Government mandates are driving up healthcare costs in NC

Published 12:58 p.m. today

By Peter Daniel

According to Forbes, North Carolina employers and families pay more for health care in this state than any other state in the country. Which is to say, when it comes to health care, North Carolina is the most expensive state in the most expensive country in the world.

Who pays all that money? Businesses, families and taxpayers. Of the non-government-sponsored health insurance policies in North Carolina, 87% are funded by employers.

Where does that money go? Health care providers, who decide what to charge for medical procedures and visits.

Businesses hire health insurance companies to administer employee benefits and to try to contain costs to the extent possible. But just like other insurance products, health insurance premiums depend almost entirely on how much providers charge for their services.

Knowing all this, I’ve been surprised to see free-market voices claim new government mandates on health insurance companies would somehow lower health costs. North Carolina already has the highest health care costs in the country because state law favors providers via mandated coverage benefits. More government intervention is the very practice that pushed North Carolina’s health costs higher than any other state in the union to begin with.

Health insurance companies need the legislature to give them more tools to reign in North Carolina’s out-of-control health prices.

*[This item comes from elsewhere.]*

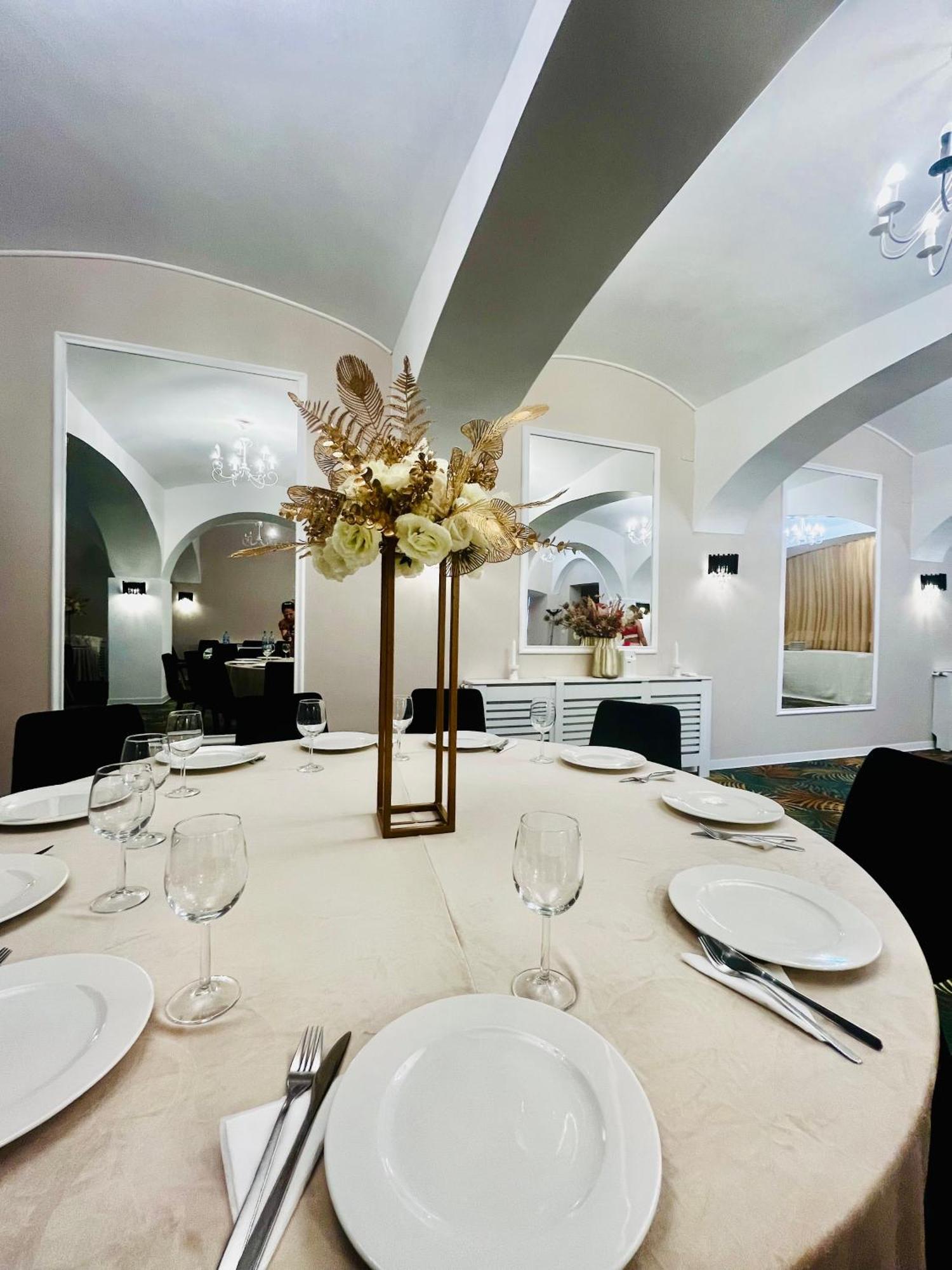 Cochet Boutique Hotel Târgu Jiu Екстериор снимка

They don’t need government prohibiting them from using the few tools still available to them right now.

It would serve everyone better if provider associations like the Medical Society would sit down and collaborate on meaningful regulatory reform to a broken system rather than constantly calling on members of the General Assembly to choose between mandates that benefit special interest groups and reasonable health insurance premiums for businesses and taxpayers, and ultimately for the citizens of our great state.

Last year’s House Bill 649 is an example of a mandate that does not guarantee any cost-savings for patients and does more harm than good, which is why both I and the Affordable Healthcare Coalition of NC have opposed it in these very pages.

About one-quarter of all health spending in the US — close to $1 trillion every year — is pure waste: unnecessary treatments, low-value care, fraud, and more. House Bill 649 would, by government order, gut one of the main tools health insurers use to prevent waste from happening, and therefore lower costs.

A health care system in which nobody guards against unnecessary or even fraudulent billing would be like the wild west. I don’t know exactly how it would end, but it certainly would notlower health costs.

Most would agree that North Carolina’s label — the most expensive state for health care in the most expensive country for health care in the world — needs to change. We rightfully pride ourselves on massive economic development wins, based in part on an enviable tax and regulatory environment.

Oppressive health costs threaten to neuter those policies, and they may do so faster than most of us think. North Carolina’s General Assembly needs health care regulatory reform now.

Government mandates like in HB 649 increase the cost of health care and simply shift money to the pockets of special interest groups, rather than guaranteeing a reduction in costs for business and patients, which in turn increases the cost of insurance premiums. This ever-increasing volume of government mandates is draining money from North Carolina families and businesses, and sapping up North Carolina’s competitive advantages.

Instead of top-down mandates, the state should encourage the use of existing tools like value-based arrangements and the sharing of data by providers. Nothing prohibits providers and insurers from entering these agreements, which can include waivers for prior authorization and other utilization management tools if providers consistently meet quality goals and cost controls. Providers stand to earn more from these arrangements as a partner with insurers in the health outcome of patients.

The NCAHP remains willing to work with other associations and the General Assembly to address health care cost drivers.